Another class of alleged unmergers are those which Labov ascribes to near-merger, in which two sounds get so phonetically close to each other that observers claim they are merged and even their speakers have trouble perceiving the distinction. Nonetheless the two classes are consistently distinguished acoustically (and therefore also in articulation), and children, whose phonetic perceptual abilities are perhaps better than adults, are able to acquire the distinction. Later phonetic shifts may modify these phonetic targets so that they no longer are so close to each other, and observers then may claim that the sounds have mysteriously unmerged. However, they never had actually merged in the first place.

It may help dispel the common disbelief among linguists in the existence of near-mergers to describe an example. The best studied near-merger is that of ferry vs. furry in Philadelphian White English. For a class project some years ago, for example, I conducted a commutation test with a friend who was born and raised in Philadelphia. We tape-recorded him reading a randomized list of 13 tokens of the words ferry and furry. I backed the tape up to the 4th token, replayed the just-read list at a comfortable volume, and had my friend categorize his own pronunciations as ``a boat''(ferry) or ``an animal''(furry). His performance was 5 correct and 5 incorrect, which is exactly the expected score on a forced-choice, two-answer test if the answers are generated randomly, by coin-toss. That is, he couldn't tell which was which, in listening to his own speech. Later acoustic and impressionistic analysis of the tape showed that the vowels were in fact perfectly categorizable. A single line could be drawn on an F1-F2 chart to divide all tokens of one category from all tokens of the other. And I could teach myself to hear which was which, so that I could pass the test with a 100% correct score.

Thus the near-merger situation is this: speakers properly associate with two particular lexical sets a measurable phonetic difference which is audible to a trained phonetician. Despite this apparent phonemic difference, the same speakers are unable to correctly categorize the minimal pairs that they themselves produce.

The cognitive explanation for near-mergers is unknown at this time. However, I here propose an empirically testable explanation, based on the following two facts.

First, children are excellent impressionistic phoneticians; they acquire the most detailed features of phonetic production, which they must be able to hear, since they can imitate them (cf. Read, 1975, referred to in Kiparsky 1988). As maturation progresses, however, this perceptual ability apparently degrades. In fact, what it means to acquire a phonology is to a great extent simply learning not to be sensitive to non-distinctive differences; an overall loss of phonetic sensitivity is consistent with (though not logically implied by) this general effect.

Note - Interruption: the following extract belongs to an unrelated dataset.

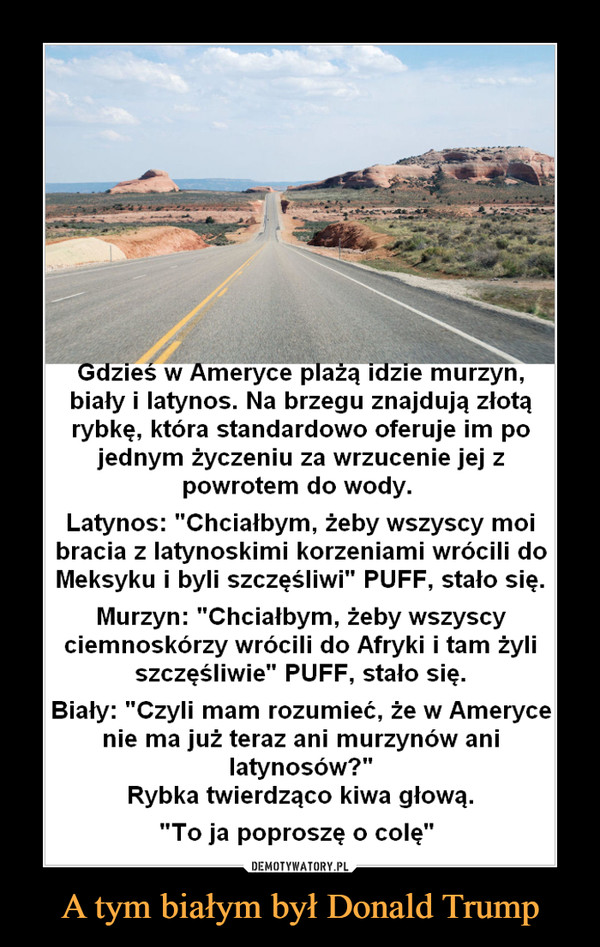 A tym białym był Donald Trump –  Gdzieś w Ameryce plażą idzie murzyn, biały i latynos. Na brzegu znajdują złotą rybkę, która standardowo oferuje im po jednym życzeniu za wrzucenie jej z powrotem do wody. Latynos: "Chciałbym, żeby wszyscy moi bracia z latynoskimi korzeniami wrócili do Meksyku i byli szczęśliwi" PUFF, stało się. Murzyn: "Chciałbym, żeby wszyscy ciemnoskórzy wrócili do Afryki i tam żyli szczęśliwie" PUFF, stało się. Biały: "Czyli mam rozumieć, że w Ameryce nie ma już teraz ani murzynów ani latynosów?" Rybka twierdząco kiwa głową. "To ja poproszę o colę"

Second, adults largely retain the phonetic patterns of their youth. In their youth, humans seem to learn an ingrained phonetic production system, precisely modeling the finest details of pronunciation and rendering them thoroughly automatic and unconscious. This pattern remains ingrained, crystallized, largely unmodified throughout the remainder of life. Studies of sound change in progress depend upon this fact in order to infer that the way teenagers were pronouncing things decades ago is much the same as the way the very same, now much older individuals pronounce things today. Thus a snapshot of the speech community at one moment in history that shows a pattern of age-grading in phonetic forms, could only reflect historical changes in progress if the people had this crystallized pattern of phonetic production.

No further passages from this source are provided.